Exercise prompt:
Beginning with the line that holds "Madre e hija", write out each line exactly as it stands until the end of the data, and include no pictures.

Available data:
=== Begin Enclosure ===
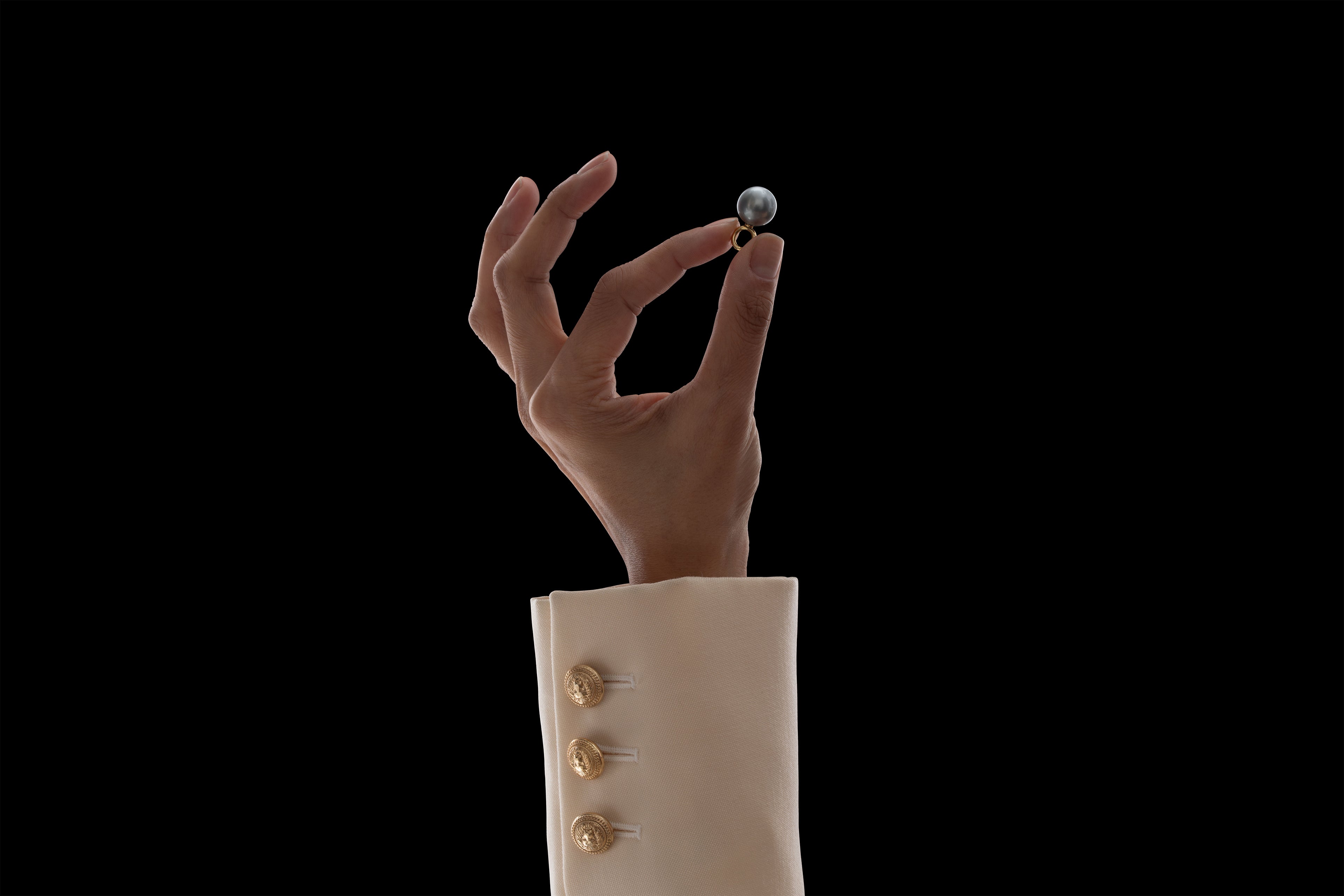 Ila's hand in a cream sleeve holding an ILA SODHANI Black Pearl Charm with a gold fitting in front of black background.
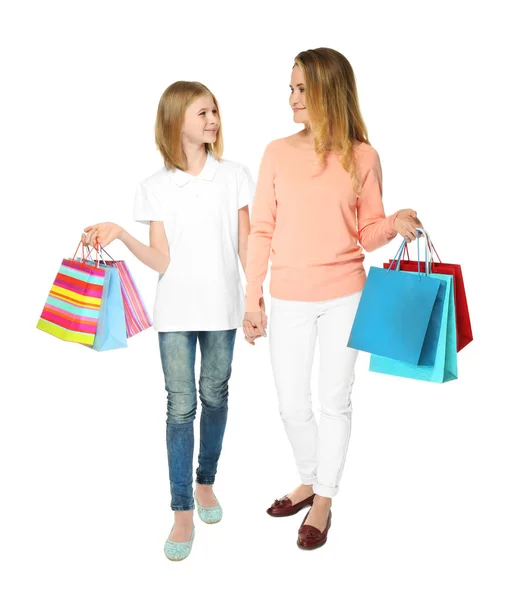 Madre e hija con bolsas de papel — Foto de Stock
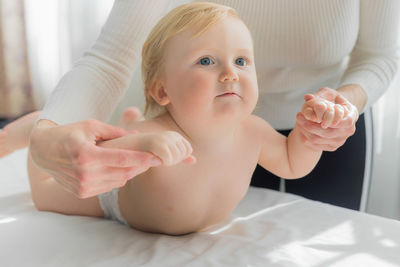 Mom does hand exercises to the baby. close-up.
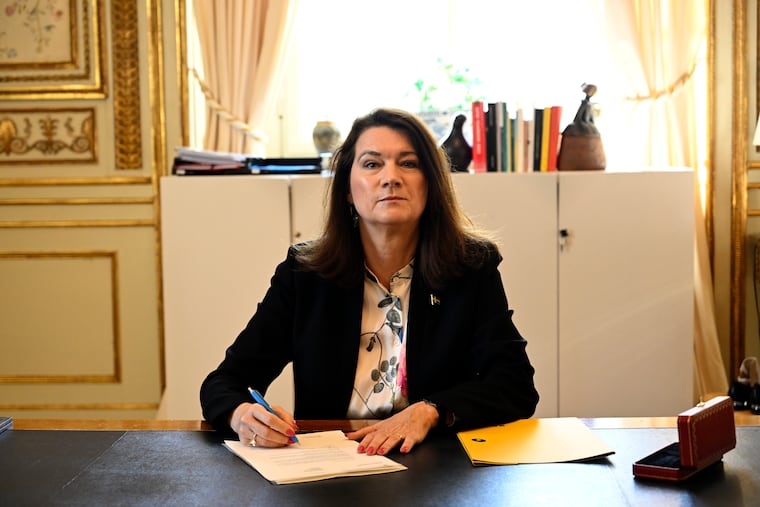 Swedish Minister of Foreígn Affairs Ann Linde poses for photographers as she signs Sweden's application for NATO membership at the Ministry of Foreign Affairs in Stockholm on Tuesday.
=== End Enclosure ===
Result:
 Madre e hija con bolsas de papel — Foto de Stock
 Mom does hand exercises to the baby. close-up.
 Swedish Minister of Foreígn Affairs Ann Linde poses for photographers as she signs Sweden's application for NATO membership at the Ministry of Foreign Affairs in Stockholm on Tuesday.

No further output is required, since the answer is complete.